= Colorism in Indonesia =

Prejudice and discrimination based on skin colour in Indonesian society

Colorism in Indonesia refers to prejudice and discrimination based on skin colour within Indonesian society, in which lighter skin is widely regarded as more attractive and higher in social status than darker skin. Scholars trace the preference to a combination of influences, including pre-colonial literary and religious traditions, the racial hierarchy imposed under Dutch colonial rule, the Japanese occupation, and the spread of American popular culture after independence. In contemporary Indonesia, the preference for lighter skin is reflected in the country's large skin-whitening cosmetics market, in casting practices in advertising and television, and in discrimination faced by dark-skinned Indonesians, particularly Papuans.

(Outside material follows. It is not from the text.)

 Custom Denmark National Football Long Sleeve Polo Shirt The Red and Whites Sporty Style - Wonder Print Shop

The most extensive academic treatment of the subject is Seeing Beauty, Sensing Race in Transnational Indonesia (2013) by L. Ayu Saraswati, a professor of women's studies at the University of Hawaii, published by University of Hawaii Press and translated into Indonesian as Putih: Warna Kulit, Ras, dan Kecantikan di Indonesia Transnasional (2017).

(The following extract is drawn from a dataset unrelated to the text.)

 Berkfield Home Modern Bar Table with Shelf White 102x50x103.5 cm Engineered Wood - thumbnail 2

== Historical background ==

=== Pre-colonial and early influences ===
Saraswati argues that the association between light skin and beauty in Indonesia predates European colonialism, tracing it to the Javanese Ramayana epic, adapted from the Indian original by the ninth century, in which fair-skinned characters are described favourably.

=== Dutch colonial period ===
Under Dutch colonial rule, the population of the Dutch East Indies was divided by law into three legal classes: Europeans, "Foreign Orientals" (mainly ethnic Chinese and Arabs), and "Natives". Europeans occupied the top positions in colonial companies, the army, and the government. Saraswati writes that beauty ideals acquired an explicitly racial dimension in this period, as light skin became identified with the Caucasian, European elite.

=== Japanese occupation and post-independence periods ===
According to Saraswati, the Japanese occupation during World War II introduced a new, regionally-inflected beauty ideal centred on East Asian, rather than European, light skin, while the post-colonial period saw a growing association between light skin and a distinctly national "Indonesian" identity, and later, in the era of globalisation, an ideal of light skin detached from any single national or racial origin.

== Contemporary manifestations ==

=== Cosmetics industry ===
Skin-whitening products are consistently among Indonesia's best-selling cosmetics. Saraswati's analysis of advertising for such products finds that "putih" (white) is persistently paired with positive connotations such as brightness, hope, and purity, while darker skin is associated with negative qualities.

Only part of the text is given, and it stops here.